[[ Data for review open ]]

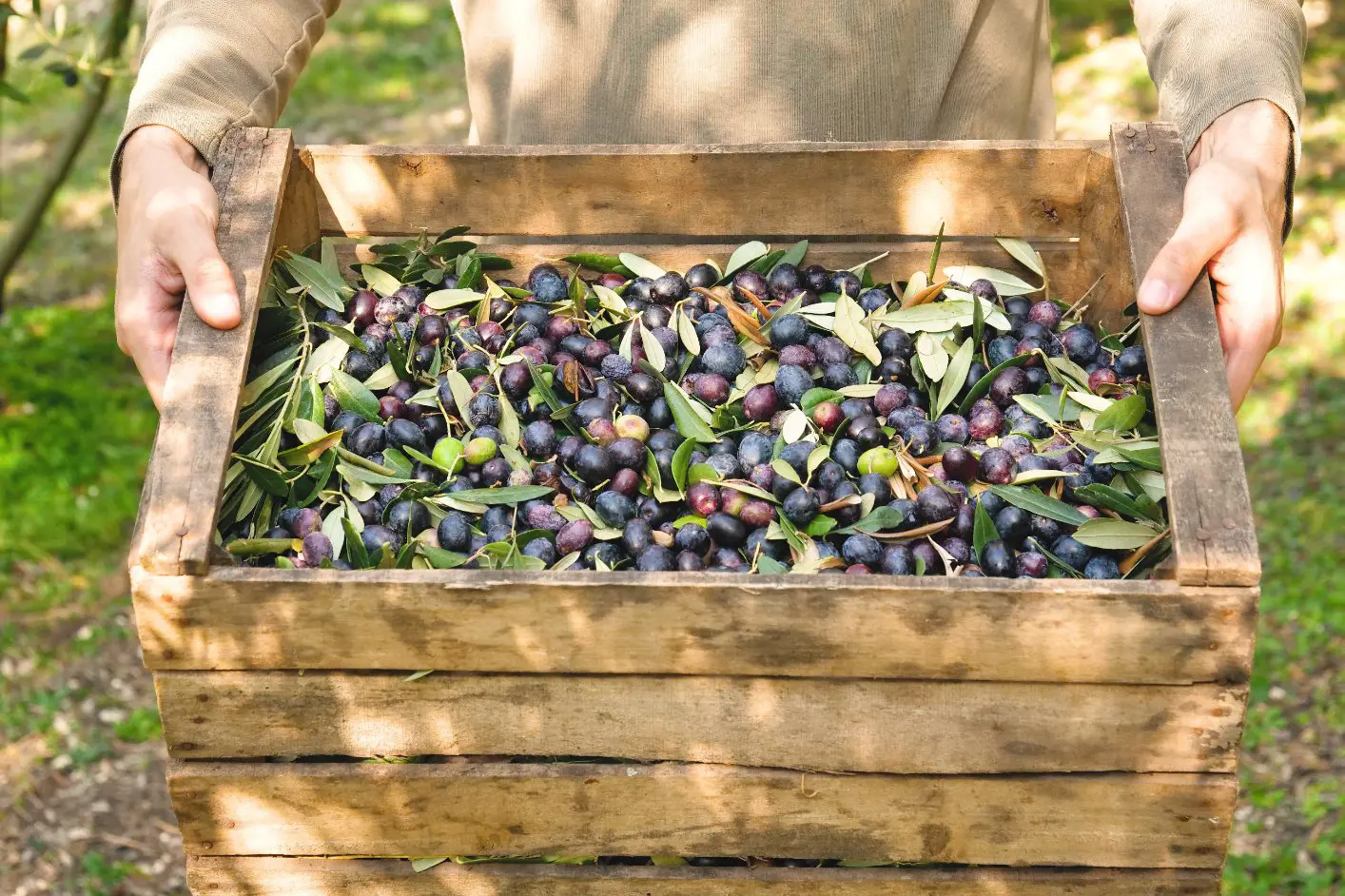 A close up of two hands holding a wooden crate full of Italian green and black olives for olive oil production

[[ Data for review closed ]]
[[ Data for review open ]]

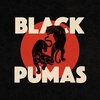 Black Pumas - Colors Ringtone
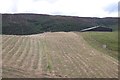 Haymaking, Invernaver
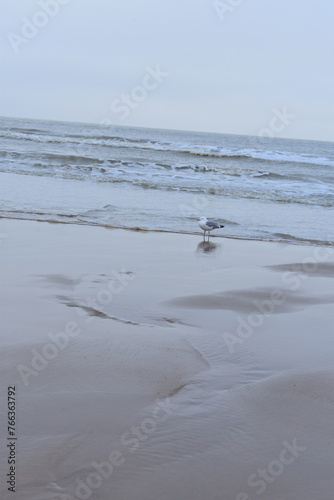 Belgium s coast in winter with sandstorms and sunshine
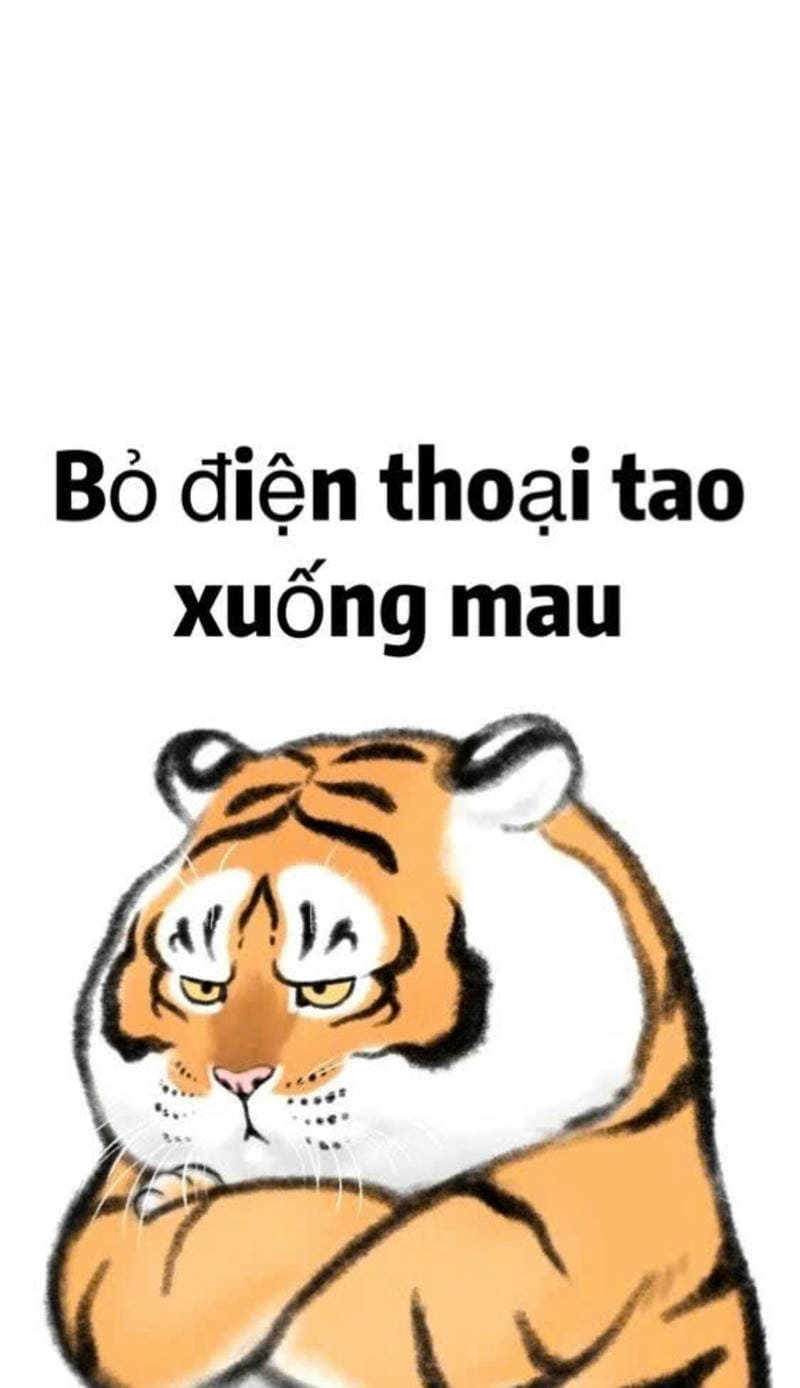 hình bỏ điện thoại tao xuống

[[ Data for review closed ]]
[[ Data for review open ]]

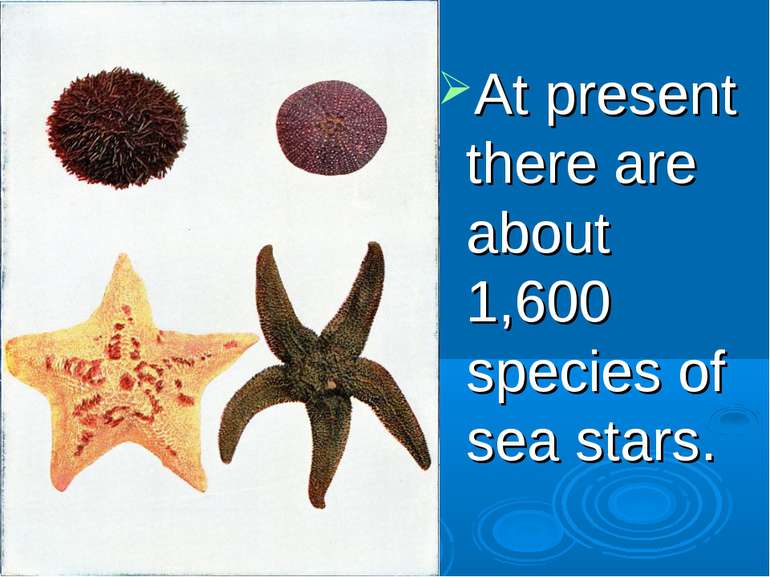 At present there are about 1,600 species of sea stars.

[[ Data for review closed ]]

> Task directions
Repeat exactly the lines above, from the line that contains "Black Pumas - Colors Ringtone" down through the line that contains "hình bỏ điện thoại tao xuống". Include both of those lines and none of the pictures.

> Exercise output
 Black Pumas - Colors Ringtone
 Haymaking, Invernaver
 Belgium s coast in winter with sandstorms and sunshine
 hình bỏ điện thoại tao xuống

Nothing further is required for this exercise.